Sunday, March 9, 2014
More than two months after the head-on crash that killed a special-education teacher from Berwick, state prosecutors expect to have all of the investigative reports by Friday and decide whether to prosecute the 17-year-old boy who was driving the other vehicle.
A Facebook photo of Amy Harris.
A photo of one of the vehicles involved in a fatal crash on Route 4 in Berwick on Wednesday, April 10, 2013, which killed popular special education teacher Amy Harris.
Shawn Patrick Ouellette / Staff Photographer
The crash April 10 on Route 4 killed Amy Harris, 34, and injured her two young children.
The teenage driver, who is from Biddeford, was on his way to school at Berwick Academy, driving south in a Saturn Vue that crossed the center line into the oncoming lane, according to the report prepared by Berwick police Officer Milton Fogg that day.
It has taken more than two months for prosecutors to get everything they need because of the complexity of the investigation, said Deputy Attorney General William Stokes, head of the criminal division in the Attorney General's Office.
"It's just taken a long time because of the forensic mapping and the reconstruction and so forth, and the toxicology took some time," said Stokes.
Harris was driving a 2006 Ford Freestyle north on a long, straight section of Route 4 just before the South Berwick town line, where the speed limit is 55 mph. Her children, Abbie, 4, and Lucas, 7, were in the back seat, secured in a car seat and a booster seat, respectively.
At 8 a.m., a silver Kia in front of Harris swerved to avoid the oncoming sport utility vehicle. Harris had little or no warning of the approaching vehicle. She sustained a head injury and died.

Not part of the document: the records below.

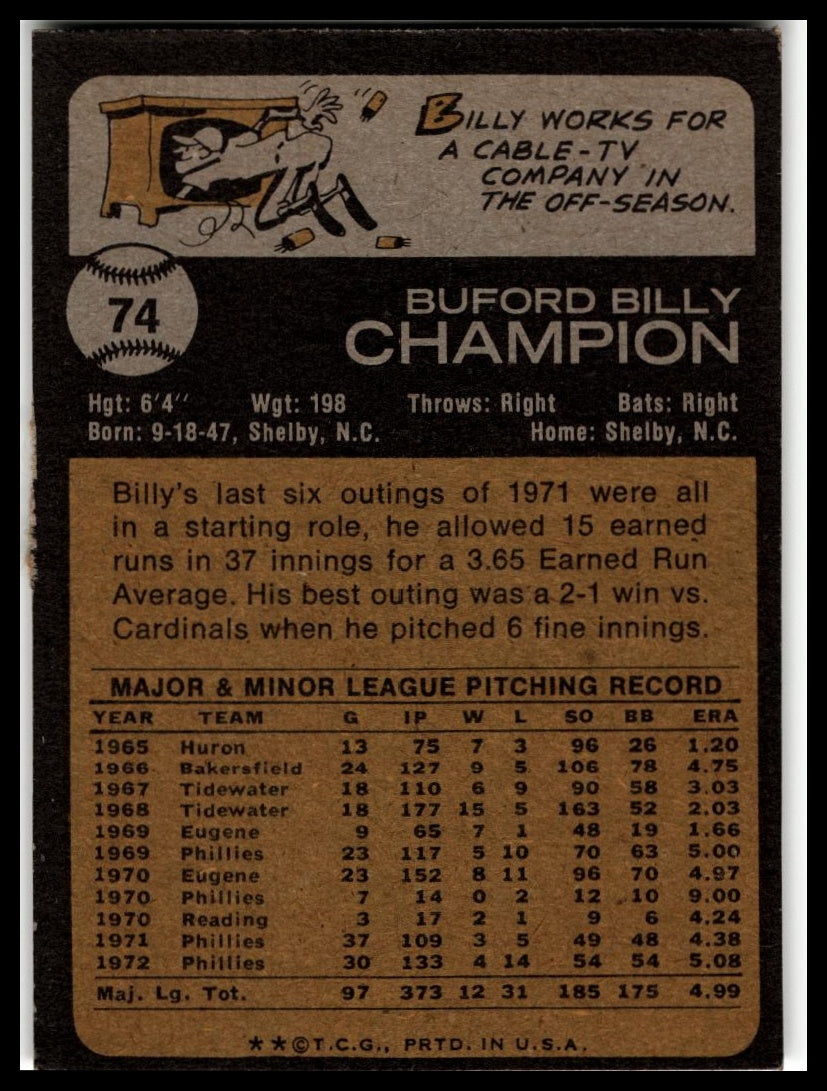 1973 Topps #74 Billy Champion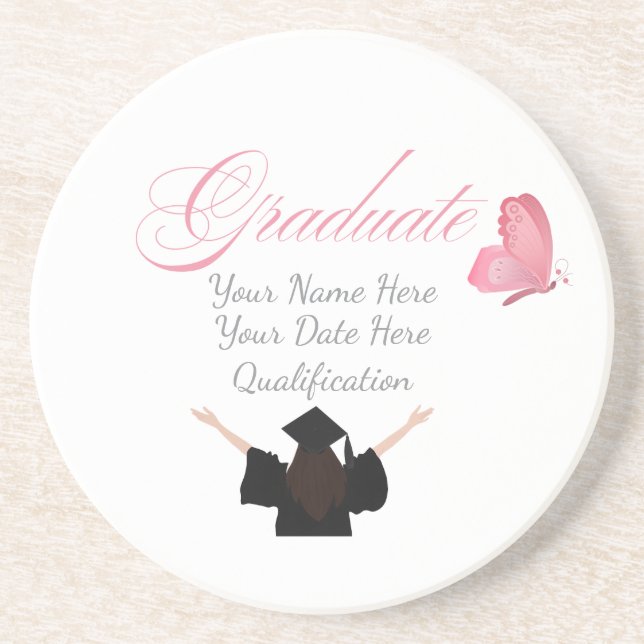 Personalized Pink Graduate Gift, Custom Name  Coaster (Front)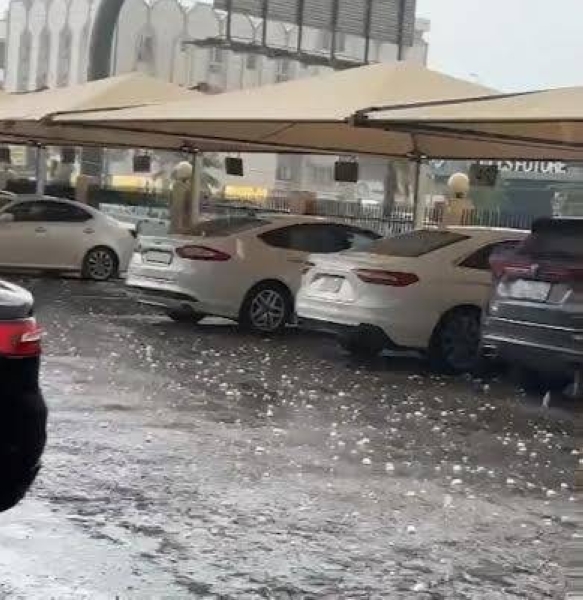 The showers of hail caused a lot of damage to the glass facades of some stores, in addition to shattering the windows of many vehicles, due to its big size and speed of falling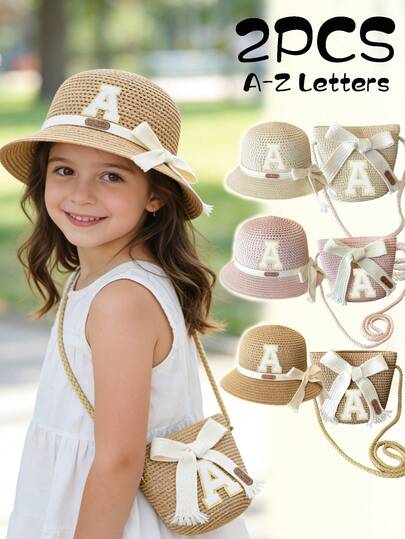 2pcs Girls Straw Hat & Straw Bag Set, Includes 26pcs Self-Adhesive Embroidered Letter Stickers, 3 Colors Available. Woven Wide Brim Sun Hat & Straw Shoulder/Crossbody Bag, DIY Letter Decor Fashion 2-Piece Set, Suitable For Spring/Summer Vacation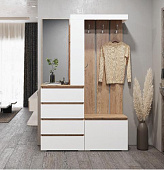 Прихожая Хелен ПР 01 (Крафт золотой/Белый)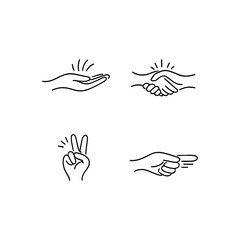 Fototapeta premium Minimalist Hand Gesture Icons in Line Art Style featuring Greeting and Directional Signs.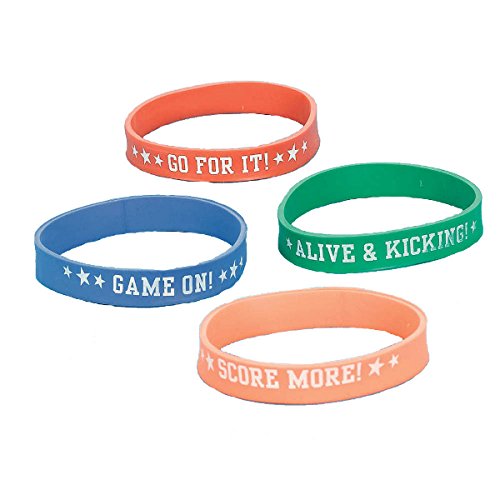 Soccer Goal Birthday Party Bracelets Favour, Silicone, 9" x 1", Pack of 12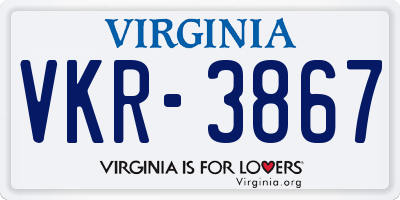 VA license plate VKR3867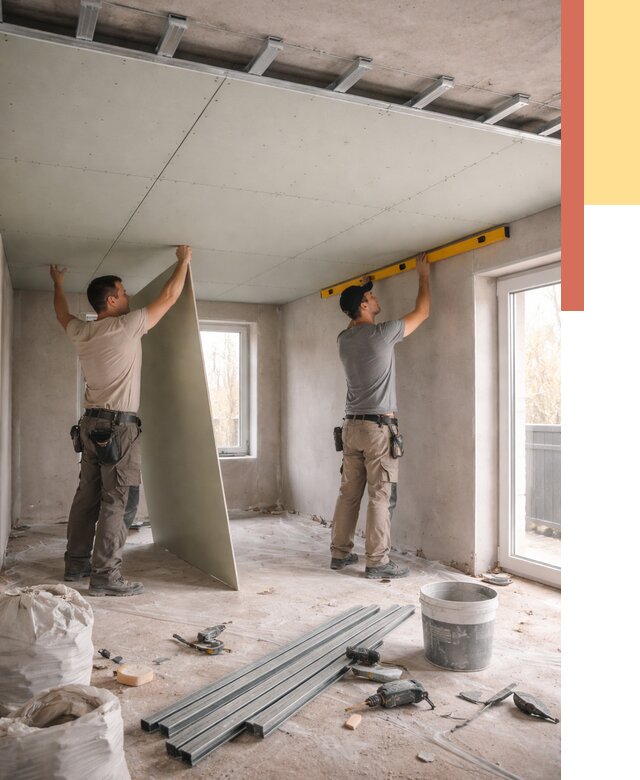 Одноуровневый потолок из гипсокартона в Усинске от 768 руб. — монтаж под ключ | ОТДЕЛОЧНИК-Снс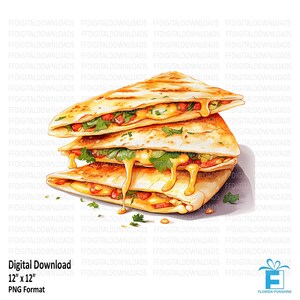 Quesadilla Clipart, Mexican Quesadilla PNG, Quesadilla Image, Digital Clipart, Sublimation ...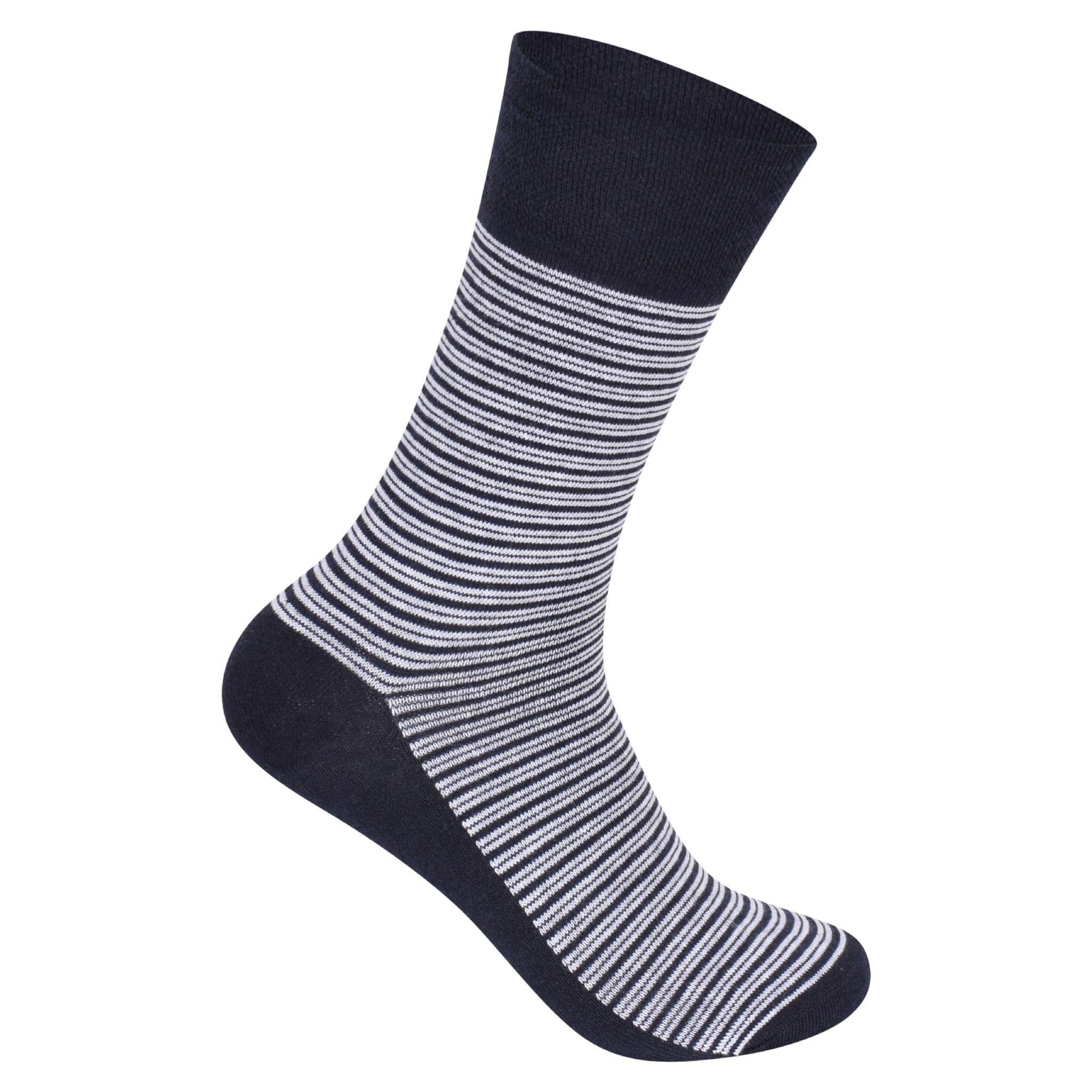 MAYAR STYLES Mens Diabetic Stripy Suit Socks, Non-Elastic Cotton Rich, UK 7-11, Stretchy Circulatory Socks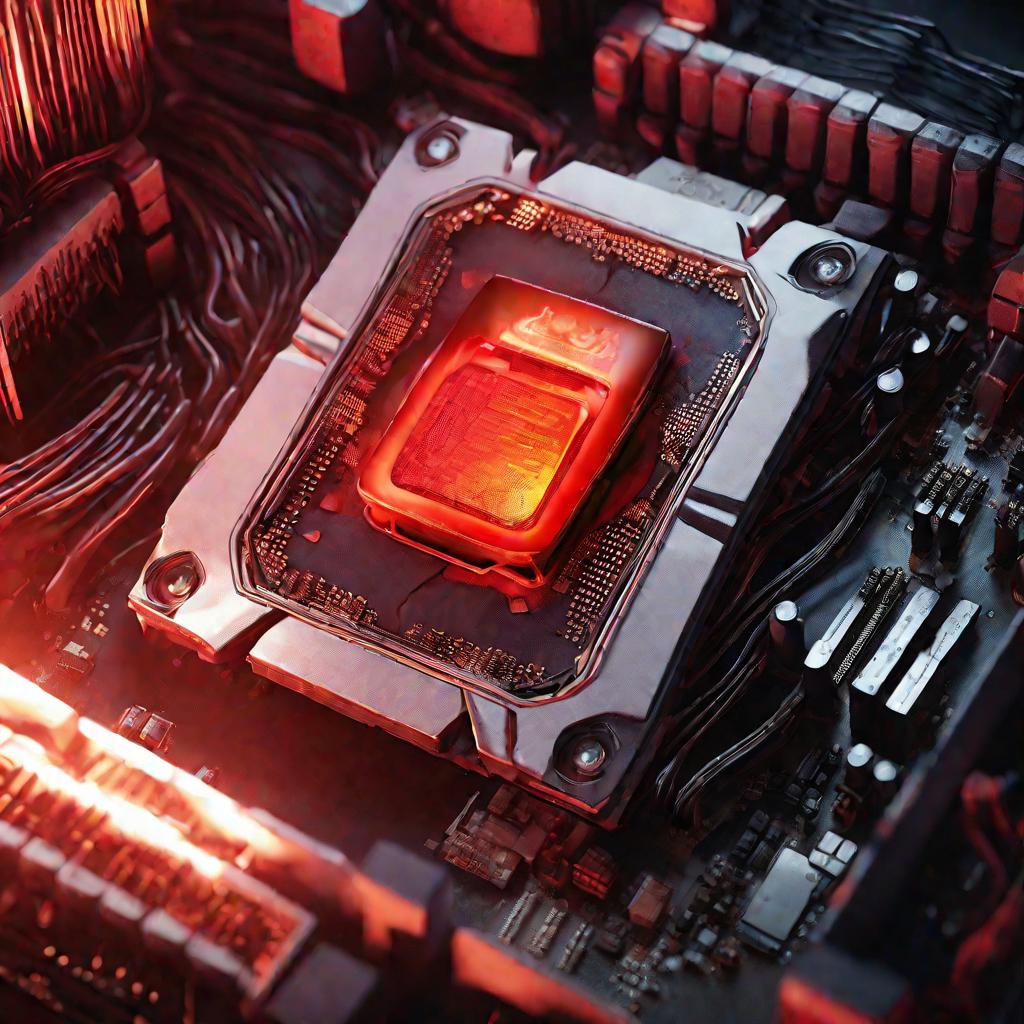 Крупным планом красно-раскаленный процессор внутри системного блока компьютера, перегрев и термальное троттлинг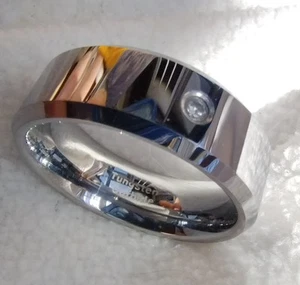 Tungsten Carbide Mens Brushed Silvertone Size 10.5 Wedding DIAMOND BAND RING MAN - Picture 1 of 9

Lucas Harris had surgery at Massachusetts General Hospital in Boston for a broken vertebra and a torn intestine. He was released from the hospital several days later and was expected to make a full recovery.
Abbie Harris suffered cuts and was released from Wentworth-Douglass Hospital in Dover, N.H., on the day of the accident. The teenage driver was sent to the same hospital.
Authorities said early in the investigation that they had not determined why the teenage driver crossed the center line. The accident report says only that he "failed to keep in the proper lane." The boy's name has not been released.
Blood samples were taken from both drivers to test for alcohol and drugs, as required after any serious crash.
Motor vehicle crashes are typically prosecuted by the district attorneys for the counties in which they occur. In this case, however, York County District Attorney Kathryn Slattery is related to the teenage driver.
Slattery asked the Attorney General's Office to oversee the case to avoid the appearance of a conflict of interest.
Harris is fondly remembered in her hometown, where she worked at the Vivian E. Hussey School for three years. She graduated from Noble High School in 1997 and from Simmons College in Boston in 2001.